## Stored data
^^^^^^^^^^^^^^^^

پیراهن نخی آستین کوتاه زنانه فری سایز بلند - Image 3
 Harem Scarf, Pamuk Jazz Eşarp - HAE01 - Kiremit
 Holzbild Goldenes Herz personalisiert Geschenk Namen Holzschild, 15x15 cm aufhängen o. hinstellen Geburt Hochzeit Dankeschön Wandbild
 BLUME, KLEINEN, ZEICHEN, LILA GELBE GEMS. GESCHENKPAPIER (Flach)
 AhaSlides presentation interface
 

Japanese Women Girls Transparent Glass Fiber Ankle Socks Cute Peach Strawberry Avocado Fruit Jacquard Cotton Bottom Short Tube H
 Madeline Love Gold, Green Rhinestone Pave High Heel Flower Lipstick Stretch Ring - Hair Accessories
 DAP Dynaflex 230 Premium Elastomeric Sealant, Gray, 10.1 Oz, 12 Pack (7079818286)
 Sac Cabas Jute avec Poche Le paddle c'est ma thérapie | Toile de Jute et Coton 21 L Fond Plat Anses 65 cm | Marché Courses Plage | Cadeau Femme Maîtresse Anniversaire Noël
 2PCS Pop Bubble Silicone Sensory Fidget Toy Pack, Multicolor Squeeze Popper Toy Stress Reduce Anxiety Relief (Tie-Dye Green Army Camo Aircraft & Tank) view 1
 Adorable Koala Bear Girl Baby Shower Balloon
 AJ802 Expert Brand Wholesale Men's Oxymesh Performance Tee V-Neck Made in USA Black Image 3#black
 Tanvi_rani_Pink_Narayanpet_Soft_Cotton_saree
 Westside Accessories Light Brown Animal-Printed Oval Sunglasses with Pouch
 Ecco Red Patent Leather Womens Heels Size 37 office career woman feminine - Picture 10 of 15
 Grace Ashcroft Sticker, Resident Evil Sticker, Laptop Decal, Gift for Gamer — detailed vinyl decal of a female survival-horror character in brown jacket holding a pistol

^^^^^^^^^^^^^^^^

Your answer should be the lines above from the one containing "Adorable Koala Bear Girl Baby Shower Balloon" through the one containing "Ecco Red Patent", copied exactly and with both ends kept.

 Adorable Koala Bear Girl Baby Shower Balloon
 AJ802 Expert Brand Wholesale Men's Oxymesh Performance Tee V-Neck Made in USA Black Image 3#black
 Tanvi_rani_Pink_Narayanpet_Soft_Cotton_saree
 Westside Accessories Light Brown Animal-Printed Oval Sunglasses with Pouch
 Ecco Red Patent Leather Womens Heels Size 37 office career woman feminine - Picture 10 of 15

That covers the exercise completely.